Everybody is not ‘Your Friend’, but not because it’s untrue that people are basically good and nice. The world is chock-full of good and nice people that you have to be wary of because they’re confused. Hell, I’m a diagnosed paranoid schizophrenic, and I have enough insight to know I’m somewhat confused and hence occasionally hurt the people in my life; and we’re the ones who supposedly lack insight into our limitations! ETA: life hasn’t always been this confusing but it has been substantially so for longer than we’ve been alive and somewhat so for the last dozen millennia plus or minus.

My mom apparently was uncomfortable with having “The Talk” and all she told me was that children are a gift from God. For the longest time I was confused when I’d hear about unwed mothers - how did they manage to confuse God and get babies???

The girl who lived next door to us told me that when you are asleep, your heart stops beating. I wasn’t sure whether to believe her or not, but I do remember lying in bed with my hand over my heart, waiting to see whether it stopped or not. I don’t know if she really believed that or if she was messing with me.

I thought islands actually floated on the water. My best friend was from Brooklyn, NY, which I discovered was on an island. I asked him whether he had been afraid it would sink.

This is quite minor, but I thought that when the umpire shouted ‘deuce’ during a tennis match, they were actually saying ‘juice’, and that’s when the players would sit down for a drink.

I believed a robot was perched on our roof, watching me at night.

I was about 6-7 years old, and my folks required me to carry the trash to the backyard cans after dinner every night. On our roof was a large, 4-sided vent of some type. Due to angles/slope/etc. I could only see it from the very back of the yard where the cans were, and in the light of the closest streetlight it really did have an ominous small-robot appearance. For various reasons I didn’t tell my folks about it, and my kid imagination turned it into a real machine that sat on the house at night. The way the light “turned” as I walked across the backyard made it appear to track me, and I remained convinced for a few years that it was real and actively observing.

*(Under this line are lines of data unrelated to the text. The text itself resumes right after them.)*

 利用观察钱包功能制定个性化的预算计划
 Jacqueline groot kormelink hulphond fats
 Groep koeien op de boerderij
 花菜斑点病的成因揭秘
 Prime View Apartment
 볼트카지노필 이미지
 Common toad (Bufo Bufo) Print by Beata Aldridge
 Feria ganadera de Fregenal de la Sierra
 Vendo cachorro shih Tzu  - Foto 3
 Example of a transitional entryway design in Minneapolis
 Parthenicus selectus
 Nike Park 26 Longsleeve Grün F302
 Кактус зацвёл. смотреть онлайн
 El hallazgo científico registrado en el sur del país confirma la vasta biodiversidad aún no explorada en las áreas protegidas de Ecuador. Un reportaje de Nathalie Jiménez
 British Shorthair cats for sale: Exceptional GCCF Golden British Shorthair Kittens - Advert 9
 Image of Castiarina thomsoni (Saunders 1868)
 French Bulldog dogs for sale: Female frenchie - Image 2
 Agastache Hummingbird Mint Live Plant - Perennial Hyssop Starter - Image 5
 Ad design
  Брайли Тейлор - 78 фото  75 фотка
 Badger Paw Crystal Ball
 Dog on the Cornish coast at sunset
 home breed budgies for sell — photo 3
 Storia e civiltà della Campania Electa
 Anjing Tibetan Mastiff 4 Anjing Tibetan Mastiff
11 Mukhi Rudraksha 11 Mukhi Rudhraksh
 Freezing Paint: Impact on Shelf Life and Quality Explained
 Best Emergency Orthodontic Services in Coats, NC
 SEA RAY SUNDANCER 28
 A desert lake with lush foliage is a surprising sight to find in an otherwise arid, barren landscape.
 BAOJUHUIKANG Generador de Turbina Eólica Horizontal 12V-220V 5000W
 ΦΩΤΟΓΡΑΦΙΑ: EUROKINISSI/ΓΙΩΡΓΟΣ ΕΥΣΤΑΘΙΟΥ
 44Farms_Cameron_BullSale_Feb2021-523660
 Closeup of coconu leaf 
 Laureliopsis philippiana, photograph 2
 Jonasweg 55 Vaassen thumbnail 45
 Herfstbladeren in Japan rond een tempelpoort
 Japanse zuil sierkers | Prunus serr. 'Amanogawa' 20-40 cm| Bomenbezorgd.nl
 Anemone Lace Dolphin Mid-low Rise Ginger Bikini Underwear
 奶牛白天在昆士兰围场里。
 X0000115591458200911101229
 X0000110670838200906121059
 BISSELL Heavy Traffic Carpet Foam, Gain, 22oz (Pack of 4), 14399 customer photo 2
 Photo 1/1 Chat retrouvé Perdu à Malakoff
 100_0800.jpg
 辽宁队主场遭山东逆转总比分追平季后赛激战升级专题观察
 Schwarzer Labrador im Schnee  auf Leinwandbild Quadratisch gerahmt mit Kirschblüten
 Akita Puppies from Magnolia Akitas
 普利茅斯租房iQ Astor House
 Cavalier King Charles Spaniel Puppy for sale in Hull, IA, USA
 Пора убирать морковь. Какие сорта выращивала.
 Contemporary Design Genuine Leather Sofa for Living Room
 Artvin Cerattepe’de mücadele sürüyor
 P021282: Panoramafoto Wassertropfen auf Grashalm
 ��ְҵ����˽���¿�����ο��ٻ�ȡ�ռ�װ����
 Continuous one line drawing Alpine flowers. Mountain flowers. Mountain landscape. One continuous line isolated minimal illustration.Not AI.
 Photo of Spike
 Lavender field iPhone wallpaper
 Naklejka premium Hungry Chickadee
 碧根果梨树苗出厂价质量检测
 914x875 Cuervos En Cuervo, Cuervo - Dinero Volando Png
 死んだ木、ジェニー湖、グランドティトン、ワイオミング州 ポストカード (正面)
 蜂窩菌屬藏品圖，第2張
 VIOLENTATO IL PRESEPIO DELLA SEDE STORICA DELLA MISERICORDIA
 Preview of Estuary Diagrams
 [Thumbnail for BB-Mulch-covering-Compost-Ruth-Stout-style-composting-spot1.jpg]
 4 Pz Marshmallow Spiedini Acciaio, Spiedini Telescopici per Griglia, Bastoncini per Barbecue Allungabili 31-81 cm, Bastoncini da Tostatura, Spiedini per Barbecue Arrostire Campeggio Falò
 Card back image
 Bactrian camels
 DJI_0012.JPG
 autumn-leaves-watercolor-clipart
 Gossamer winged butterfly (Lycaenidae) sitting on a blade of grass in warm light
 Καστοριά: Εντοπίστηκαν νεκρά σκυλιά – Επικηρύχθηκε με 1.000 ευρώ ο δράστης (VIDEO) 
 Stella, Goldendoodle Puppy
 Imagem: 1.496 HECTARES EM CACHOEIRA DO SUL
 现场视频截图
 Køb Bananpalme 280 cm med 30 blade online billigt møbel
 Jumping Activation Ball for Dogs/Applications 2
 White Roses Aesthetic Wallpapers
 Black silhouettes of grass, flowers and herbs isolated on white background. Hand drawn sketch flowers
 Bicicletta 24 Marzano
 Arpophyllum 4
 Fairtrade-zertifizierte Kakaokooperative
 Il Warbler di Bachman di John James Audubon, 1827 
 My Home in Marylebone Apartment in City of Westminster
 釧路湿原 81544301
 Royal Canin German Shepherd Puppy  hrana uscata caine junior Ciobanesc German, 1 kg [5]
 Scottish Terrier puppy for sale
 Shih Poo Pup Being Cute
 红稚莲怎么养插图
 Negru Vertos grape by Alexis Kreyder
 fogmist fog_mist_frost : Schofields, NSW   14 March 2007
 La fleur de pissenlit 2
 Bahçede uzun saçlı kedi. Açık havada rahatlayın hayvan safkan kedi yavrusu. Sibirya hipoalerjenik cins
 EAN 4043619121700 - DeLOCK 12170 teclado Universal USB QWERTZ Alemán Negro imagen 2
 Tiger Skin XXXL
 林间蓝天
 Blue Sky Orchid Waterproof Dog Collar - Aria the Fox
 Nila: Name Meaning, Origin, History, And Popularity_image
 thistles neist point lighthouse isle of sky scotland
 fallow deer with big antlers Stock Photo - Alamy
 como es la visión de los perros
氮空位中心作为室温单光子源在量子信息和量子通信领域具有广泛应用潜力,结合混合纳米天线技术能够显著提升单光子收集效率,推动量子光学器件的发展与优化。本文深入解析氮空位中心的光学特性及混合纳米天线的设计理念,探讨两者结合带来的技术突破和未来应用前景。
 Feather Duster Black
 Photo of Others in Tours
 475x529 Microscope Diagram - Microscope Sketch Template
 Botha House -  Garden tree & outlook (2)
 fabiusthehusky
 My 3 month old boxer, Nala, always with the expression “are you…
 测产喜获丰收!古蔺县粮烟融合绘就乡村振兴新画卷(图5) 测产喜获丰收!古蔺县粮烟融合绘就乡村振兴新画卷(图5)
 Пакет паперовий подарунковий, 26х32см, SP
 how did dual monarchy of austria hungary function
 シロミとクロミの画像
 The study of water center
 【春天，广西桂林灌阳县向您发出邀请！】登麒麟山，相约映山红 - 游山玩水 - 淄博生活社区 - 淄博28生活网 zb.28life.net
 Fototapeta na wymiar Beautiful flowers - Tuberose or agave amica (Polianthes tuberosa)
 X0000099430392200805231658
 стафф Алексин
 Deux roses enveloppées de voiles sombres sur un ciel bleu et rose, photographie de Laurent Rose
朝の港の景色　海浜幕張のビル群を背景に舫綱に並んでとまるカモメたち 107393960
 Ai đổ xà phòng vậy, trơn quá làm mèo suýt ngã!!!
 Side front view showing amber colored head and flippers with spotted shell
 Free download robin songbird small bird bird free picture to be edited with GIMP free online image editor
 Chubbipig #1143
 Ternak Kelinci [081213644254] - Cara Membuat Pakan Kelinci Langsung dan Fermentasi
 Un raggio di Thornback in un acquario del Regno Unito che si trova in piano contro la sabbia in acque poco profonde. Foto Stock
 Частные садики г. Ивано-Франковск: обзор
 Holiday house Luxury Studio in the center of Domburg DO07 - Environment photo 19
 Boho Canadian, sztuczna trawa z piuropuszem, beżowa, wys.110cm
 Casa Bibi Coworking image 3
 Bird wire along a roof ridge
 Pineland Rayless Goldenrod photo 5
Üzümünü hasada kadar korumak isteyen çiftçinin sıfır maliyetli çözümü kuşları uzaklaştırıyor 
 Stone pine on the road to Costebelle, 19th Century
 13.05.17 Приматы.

I remained deathly afraid of it for years, and assumed my banging the can lids each time was instrumental in keeping it on the roof and safely away from me. Eventually I made the connection between roof vent and robot and relaxed about it.

For some reason, I never realized it was the metal vent I saw during the daytime.

At some age I came to understand how vision worked. Before that I didn’t think about it much except that I knew Superman’s X-ray vision was based on X-rays coming from his eyes, and so had I been asked I would have guessed regular vision worked the same way.

At around age 4 it started to rain one day when I wanted to go out and play. I shouted as loud as I could “Rain, rain, go away! Come again some other day!”, and it stopped raining. For a little while I was convinced that actually worked.

I used to think babies were born through the navel. It would have been a better arrangement.